── DATA EXTRACTS
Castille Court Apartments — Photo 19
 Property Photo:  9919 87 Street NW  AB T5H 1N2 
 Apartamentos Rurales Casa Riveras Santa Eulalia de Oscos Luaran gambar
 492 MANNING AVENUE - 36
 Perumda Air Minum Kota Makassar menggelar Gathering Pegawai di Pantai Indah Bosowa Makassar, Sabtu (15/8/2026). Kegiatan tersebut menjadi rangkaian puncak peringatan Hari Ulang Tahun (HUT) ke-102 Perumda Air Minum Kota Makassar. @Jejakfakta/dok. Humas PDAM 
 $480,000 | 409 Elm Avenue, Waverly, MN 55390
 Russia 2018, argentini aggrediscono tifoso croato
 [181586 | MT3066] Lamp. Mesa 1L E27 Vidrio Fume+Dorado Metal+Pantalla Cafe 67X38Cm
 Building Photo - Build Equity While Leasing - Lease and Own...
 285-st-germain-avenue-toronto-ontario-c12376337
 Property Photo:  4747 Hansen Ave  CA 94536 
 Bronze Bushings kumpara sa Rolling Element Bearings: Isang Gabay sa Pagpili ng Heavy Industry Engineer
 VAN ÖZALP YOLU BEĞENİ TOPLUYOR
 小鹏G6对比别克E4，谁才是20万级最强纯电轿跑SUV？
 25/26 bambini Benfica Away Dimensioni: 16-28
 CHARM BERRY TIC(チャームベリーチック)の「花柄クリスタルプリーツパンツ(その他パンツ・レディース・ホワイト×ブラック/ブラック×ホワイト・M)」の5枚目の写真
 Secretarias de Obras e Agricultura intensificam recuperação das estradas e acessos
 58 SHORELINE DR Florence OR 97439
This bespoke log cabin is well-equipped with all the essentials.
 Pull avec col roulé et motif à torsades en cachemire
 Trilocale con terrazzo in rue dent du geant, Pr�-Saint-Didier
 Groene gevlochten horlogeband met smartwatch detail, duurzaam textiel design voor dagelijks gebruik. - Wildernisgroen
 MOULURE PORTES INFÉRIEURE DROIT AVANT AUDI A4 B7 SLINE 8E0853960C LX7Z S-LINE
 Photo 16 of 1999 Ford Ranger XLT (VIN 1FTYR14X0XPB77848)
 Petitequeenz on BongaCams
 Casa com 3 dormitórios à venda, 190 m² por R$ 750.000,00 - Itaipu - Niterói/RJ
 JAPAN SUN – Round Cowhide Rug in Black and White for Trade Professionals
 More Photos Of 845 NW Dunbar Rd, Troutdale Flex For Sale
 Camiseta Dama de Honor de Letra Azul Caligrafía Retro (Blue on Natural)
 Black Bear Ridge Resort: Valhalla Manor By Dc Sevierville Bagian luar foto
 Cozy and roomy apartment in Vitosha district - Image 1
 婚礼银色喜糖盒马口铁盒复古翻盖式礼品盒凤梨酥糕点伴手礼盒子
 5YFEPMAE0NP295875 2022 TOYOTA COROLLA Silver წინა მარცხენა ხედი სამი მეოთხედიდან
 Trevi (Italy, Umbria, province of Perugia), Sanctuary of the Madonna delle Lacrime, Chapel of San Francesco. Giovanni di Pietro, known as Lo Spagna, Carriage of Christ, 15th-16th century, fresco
────
_YOUR OBJECTIVE_:
Of the lines above, extract only those from the line with "Apartamentos Rurales Casa" to the line with "Secretarias de Obras", both included, exactly as written.

_ANSWER SPACE_:
 Apartamentos Rurales Casa Riveras Santa Eulalia de Oscos Luaran gambar
 492 MANNING AVENUE - 36
 Perumda Air Minum Kota Makassar menggelar Gathering Pegawai di Pantai Indah Bosowa Makassar, Sabtu (15/8/2026). Kegiatan tersebut menjadi rangkaian puncak peringatan Hari Ulang Tahun (HUT) ke-102 Perumda Air Minum Kota Makassar. @Jejakfakta/dok. Humas PDAM 
 $480,000 | 409 Elm Avenue, Waverly, MN 55390
 Russia 2018, argentini aggrediscono tifoso croato
 [181586 | MT3066] Lamp. Mesa 1L E27 Vidrio Fume+Dorado Metal+Pantalla Cafe 67X38Cm
 Building Photo - Build Equity While Leasing - Lease and Own...
 285-st-germain-avenue-toronto-ontario-c12376337
 Property Photo:  4747 Hansen Ave  CA 94536 
 Bronze Bushings kumpara sa Rolling Element Bearings: Isang Gabay sa Pagpili ng Heavy Industry Engineer
 VAN ÖZALP YOLU BEĞENİ TOPLUYOR
 小鹏G6对比别克E4，谁才是20万级最强纯电轿跑SUV？
 25/26 bambini Benfica Away Dimensioni: 16-28
 CHARM BERRY TIC(チャームベリーチック)の「花柄クリスタルプリーツパンツ(その他パンツ・レディース・ホワイト×ブラック/ブラック×ホワイト・M)」の5枚目の写真
 Secretarias de Obras e Agricultura intensificam recuperação das estradas e acessos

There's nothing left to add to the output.